Monday, October 24, 2011

A Real Faux Pulp Magazine Cover!

If you have been paying attention, you already know how fond I am of pulp fiction cover art.  So when I saw a chance to do one as an invitation for an annual chili party that my wife and I throw, I couldn't resist. 

For an authentic look, there are a number of known parameters.  I will comment on these as we come to them.  First, on your illustration you leave the top quarter of the page clear of any important detail, and also preferably very dark, because that is where you know the magazine title and other publishing information will go.  Seeing original pulp cover paintings is sometimes startling because without the masthead logo they look out of balance, but of course they were not meant to ever be seen in this way.  And if you design your composition without bearing this typographic component in mind, you will come to grief.

For inspiration I referred to the very fine book Pulp Culture: the Art of Fiction Magazines, by Frank M. Robinson and Lawrence Davidson.   The internet also offers a number of good dedicated websites with hundreds of cover scans among them.

I thought it would be fun to show a cult of people fatally enslaved to the chili I make, so my cover ostensibly illustrates a story called "Slaves of the Cauldron."  Chains, people in hooded robes, a cavernous stone chamber, the cliché of the sinister green hand, and a look of mad ecstasy on the face of the man receiving his chili.

Here is the first rough sketch:
 

This includes a blocking in of the title logo, Chili Detective Magazine, (in faint blue line) and also a blocking of the mock story titles that always have to be included, because I want the final illustration to have the look of a cover as it might actually appear on a newsstand.

And since I will be having this printed by a copy service on standard letter size paper, I proportion it to just fit inside the printable area, with the idea of hand trimming the white border off with a paper cutter, giving the result its appropriate full-bleed effect. [That is, the printing would extend clear to the cut edge of the paper.]

To further prove the composition, now in Photoshop I paint in the full value range in black and white.
This step can be quite helpful for anyone tending to be timid about high contrast.  Also, going straight into color, one can fail to realize that two vividly contrasting colors juxtaposed with one another might still be very close in value.
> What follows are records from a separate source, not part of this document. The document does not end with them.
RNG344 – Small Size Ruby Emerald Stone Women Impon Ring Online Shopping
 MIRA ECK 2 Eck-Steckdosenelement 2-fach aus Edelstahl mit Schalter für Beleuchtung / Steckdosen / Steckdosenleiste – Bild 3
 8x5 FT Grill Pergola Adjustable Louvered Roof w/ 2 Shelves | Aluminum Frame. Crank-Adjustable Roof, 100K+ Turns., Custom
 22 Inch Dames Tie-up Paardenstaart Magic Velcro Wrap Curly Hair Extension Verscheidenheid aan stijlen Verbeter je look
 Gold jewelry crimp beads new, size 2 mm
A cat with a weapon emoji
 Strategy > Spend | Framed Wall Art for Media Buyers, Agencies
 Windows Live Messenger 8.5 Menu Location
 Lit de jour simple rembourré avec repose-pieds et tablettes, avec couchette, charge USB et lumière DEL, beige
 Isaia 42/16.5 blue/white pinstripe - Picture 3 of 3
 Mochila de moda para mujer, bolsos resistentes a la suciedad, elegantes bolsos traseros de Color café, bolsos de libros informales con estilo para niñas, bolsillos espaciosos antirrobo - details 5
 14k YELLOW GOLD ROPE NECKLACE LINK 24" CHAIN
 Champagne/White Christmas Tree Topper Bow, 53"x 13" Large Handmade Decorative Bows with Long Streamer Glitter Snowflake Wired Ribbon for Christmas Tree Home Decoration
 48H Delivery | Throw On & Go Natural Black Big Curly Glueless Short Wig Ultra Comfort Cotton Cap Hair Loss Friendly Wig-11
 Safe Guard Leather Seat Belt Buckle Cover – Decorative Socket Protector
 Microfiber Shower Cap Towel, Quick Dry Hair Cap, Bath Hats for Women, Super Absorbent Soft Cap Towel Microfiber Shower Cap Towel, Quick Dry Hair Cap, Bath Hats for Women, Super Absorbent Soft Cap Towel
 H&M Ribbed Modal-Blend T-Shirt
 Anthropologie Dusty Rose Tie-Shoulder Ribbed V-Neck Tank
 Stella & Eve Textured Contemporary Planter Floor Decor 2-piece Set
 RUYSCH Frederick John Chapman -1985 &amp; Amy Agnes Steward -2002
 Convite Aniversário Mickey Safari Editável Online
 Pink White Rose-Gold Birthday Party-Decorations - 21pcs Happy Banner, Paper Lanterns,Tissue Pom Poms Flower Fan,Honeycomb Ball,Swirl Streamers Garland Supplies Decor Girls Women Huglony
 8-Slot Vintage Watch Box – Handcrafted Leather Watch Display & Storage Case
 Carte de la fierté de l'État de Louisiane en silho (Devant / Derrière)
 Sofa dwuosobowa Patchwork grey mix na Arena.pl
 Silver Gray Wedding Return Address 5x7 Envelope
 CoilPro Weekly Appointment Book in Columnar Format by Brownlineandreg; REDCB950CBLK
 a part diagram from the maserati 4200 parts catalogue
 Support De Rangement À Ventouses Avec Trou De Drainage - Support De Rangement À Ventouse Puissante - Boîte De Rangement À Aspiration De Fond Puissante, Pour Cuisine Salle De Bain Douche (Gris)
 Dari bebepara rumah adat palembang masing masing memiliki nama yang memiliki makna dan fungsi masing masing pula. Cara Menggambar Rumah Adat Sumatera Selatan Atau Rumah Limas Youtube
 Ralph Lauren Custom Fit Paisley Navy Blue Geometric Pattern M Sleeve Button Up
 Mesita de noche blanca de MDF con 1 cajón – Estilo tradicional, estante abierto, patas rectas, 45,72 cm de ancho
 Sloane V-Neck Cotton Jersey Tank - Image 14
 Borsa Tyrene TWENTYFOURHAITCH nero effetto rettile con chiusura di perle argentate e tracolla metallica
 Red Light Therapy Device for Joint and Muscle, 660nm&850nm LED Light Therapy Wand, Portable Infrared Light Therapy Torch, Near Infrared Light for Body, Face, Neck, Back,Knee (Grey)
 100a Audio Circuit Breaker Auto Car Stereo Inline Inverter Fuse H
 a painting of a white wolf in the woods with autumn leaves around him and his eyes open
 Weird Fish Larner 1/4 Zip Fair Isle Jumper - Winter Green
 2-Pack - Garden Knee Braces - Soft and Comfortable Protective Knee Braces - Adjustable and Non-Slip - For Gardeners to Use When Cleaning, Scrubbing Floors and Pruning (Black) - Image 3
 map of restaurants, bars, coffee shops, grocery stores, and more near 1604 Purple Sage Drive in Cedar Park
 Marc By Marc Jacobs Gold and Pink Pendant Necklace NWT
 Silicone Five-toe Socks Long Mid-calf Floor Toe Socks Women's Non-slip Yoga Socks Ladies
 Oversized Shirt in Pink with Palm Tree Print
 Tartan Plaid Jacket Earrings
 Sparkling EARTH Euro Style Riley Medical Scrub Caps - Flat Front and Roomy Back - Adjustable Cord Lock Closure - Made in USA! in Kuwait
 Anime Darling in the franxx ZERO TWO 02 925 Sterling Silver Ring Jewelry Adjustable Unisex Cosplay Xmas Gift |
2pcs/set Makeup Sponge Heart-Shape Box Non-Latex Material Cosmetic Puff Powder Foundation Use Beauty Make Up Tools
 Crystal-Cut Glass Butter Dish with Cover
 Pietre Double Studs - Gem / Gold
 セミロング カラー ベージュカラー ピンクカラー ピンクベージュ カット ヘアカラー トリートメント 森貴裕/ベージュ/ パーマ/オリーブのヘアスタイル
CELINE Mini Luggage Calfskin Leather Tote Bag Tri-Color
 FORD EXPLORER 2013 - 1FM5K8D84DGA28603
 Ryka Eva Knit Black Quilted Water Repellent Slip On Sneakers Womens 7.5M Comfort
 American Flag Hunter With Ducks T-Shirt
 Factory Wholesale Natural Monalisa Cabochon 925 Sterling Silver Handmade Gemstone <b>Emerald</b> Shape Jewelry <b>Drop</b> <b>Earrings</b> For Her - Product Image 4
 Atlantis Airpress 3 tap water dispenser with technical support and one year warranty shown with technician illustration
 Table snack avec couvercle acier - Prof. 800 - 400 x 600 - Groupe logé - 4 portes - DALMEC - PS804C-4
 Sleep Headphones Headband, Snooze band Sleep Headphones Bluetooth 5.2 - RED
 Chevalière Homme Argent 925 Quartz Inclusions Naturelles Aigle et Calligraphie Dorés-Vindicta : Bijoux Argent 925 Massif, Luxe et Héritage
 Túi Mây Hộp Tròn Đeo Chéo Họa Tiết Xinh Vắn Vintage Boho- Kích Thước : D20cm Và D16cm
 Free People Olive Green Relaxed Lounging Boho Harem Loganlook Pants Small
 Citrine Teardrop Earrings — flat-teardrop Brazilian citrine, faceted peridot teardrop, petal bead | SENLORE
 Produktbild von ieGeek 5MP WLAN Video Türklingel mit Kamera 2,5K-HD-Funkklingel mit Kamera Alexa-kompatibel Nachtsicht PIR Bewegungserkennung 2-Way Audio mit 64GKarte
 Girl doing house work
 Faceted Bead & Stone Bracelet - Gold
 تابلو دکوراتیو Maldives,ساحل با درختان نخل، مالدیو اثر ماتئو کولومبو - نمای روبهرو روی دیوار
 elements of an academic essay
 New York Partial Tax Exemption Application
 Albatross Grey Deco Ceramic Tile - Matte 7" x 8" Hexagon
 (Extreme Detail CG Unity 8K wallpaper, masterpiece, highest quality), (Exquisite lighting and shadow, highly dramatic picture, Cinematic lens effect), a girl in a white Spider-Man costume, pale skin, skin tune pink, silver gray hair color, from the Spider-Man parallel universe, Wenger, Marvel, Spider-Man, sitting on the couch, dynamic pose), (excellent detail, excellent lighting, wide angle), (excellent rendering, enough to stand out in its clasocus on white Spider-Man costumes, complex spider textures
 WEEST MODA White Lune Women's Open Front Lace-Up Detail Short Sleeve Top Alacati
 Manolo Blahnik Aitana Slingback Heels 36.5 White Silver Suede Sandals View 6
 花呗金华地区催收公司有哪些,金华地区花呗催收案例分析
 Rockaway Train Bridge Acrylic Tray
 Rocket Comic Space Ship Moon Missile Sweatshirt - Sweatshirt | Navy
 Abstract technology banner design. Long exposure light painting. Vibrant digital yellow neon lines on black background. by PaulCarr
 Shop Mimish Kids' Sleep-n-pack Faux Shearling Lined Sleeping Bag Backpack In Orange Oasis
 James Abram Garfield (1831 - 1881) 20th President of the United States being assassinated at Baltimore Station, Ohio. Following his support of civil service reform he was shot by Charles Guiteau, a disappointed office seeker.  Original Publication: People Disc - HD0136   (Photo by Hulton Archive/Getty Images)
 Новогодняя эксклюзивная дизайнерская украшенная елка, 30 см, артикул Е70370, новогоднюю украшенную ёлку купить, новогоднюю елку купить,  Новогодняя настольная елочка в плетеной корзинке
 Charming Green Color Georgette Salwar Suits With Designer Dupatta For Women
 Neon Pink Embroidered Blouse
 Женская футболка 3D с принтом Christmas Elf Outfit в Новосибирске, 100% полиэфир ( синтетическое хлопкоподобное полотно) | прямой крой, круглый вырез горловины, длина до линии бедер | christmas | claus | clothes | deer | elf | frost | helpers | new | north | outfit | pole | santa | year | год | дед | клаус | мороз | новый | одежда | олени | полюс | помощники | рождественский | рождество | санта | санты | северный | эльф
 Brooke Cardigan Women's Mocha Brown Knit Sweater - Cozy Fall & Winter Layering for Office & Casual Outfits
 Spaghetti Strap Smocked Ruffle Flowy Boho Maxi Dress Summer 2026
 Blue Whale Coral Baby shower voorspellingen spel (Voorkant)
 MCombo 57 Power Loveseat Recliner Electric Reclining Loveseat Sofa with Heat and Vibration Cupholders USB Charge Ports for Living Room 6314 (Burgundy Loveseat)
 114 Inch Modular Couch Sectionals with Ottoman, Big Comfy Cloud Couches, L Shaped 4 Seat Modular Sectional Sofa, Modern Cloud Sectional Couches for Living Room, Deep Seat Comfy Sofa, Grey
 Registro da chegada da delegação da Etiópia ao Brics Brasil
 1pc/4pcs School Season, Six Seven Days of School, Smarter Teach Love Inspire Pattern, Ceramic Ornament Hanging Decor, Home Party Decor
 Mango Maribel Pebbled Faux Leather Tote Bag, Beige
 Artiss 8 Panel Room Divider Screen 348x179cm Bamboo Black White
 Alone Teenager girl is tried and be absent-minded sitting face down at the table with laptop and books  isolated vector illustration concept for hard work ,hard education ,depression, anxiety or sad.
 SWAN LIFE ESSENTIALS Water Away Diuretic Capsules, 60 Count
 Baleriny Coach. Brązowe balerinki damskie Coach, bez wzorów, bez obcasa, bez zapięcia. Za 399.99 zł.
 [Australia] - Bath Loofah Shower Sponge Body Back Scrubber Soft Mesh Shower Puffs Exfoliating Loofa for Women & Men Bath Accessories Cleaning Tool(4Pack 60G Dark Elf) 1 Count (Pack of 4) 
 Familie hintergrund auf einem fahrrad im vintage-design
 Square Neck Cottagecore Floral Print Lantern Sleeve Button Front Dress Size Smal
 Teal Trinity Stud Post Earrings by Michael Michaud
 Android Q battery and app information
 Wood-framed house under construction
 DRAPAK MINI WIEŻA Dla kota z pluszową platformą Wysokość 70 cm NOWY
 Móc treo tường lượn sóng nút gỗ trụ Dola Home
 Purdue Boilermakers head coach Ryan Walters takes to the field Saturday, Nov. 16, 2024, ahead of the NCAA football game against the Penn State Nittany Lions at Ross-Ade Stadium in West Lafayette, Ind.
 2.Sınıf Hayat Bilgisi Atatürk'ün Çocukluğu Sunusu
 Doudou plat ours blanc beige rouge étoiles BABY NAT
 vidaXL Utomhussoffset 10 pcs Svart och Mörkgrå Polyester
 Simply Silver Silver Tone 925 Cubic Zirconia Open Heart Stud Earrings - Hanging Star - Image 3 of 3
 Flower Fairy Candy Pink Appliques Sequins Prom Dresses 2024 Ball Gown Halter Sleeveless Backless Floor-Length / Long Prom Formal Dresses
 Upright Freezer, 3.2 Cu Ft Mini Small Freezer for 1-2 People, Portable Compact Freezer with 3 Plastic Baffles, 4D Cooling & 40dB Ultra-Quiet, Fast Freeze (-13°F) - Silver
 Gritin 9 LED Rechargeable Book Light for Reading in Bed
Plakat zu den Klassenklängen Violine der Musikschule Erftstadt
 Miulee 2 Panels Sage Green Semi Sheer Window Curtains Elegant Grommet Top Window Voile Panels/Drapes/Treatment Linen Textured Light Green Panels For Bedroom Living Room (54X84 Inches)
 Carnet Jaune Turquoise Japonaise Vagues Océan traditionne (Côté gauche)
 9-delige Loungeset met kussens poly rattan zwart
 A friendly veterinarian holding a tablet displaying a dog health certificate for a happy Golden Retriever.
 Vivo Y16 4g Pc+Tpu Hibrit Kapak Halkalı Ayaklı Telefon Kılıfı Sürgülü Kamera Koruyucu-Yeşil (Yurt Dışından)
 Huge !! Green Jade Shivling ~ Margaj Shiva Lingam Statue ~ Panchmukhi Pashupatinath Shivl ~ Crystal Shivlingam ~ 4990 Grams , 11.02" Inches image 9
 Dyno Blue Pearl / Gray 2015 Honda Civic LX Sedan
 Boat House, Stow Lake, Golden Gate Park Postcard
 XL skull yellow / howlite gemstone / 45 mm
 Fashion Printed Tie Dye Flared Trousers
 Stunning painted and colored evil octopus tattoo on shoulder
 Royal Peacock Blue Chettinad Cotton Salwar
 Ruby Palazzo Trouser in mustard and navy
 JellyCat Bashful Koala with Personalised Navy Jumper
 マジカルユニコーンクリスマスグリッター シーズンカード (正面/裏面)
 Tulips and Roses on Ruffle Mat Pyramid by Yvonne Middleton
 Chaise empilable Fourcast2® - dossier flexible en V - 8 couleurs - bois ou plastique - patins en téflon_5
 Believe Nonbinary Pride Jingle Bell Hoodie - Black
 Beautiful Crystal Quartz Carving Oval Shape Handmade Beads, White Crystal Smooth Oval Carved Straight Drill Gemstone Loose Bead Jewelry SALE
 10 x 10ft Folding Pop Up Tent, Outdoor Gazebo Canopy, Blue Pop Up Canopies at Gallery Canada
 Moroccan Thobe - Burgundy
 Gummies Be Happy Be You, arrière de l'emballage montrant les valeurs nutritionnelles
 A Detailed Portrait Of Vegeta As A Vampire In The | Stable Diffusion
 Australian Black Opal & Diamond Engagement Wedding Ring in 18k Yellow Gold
You put black where there is no light and bright highlights wherever that is appropriate, plus a good range of grays inbetween.

There is no need to get overly detailed at this stage, however.

Next, I add some color on a new layer to establish my palette, and I lay in placeholders for most of the typographic elements:

This typography was done in Photoshop, but the final will be done in Illustrator, where I have greater control and more options for effects.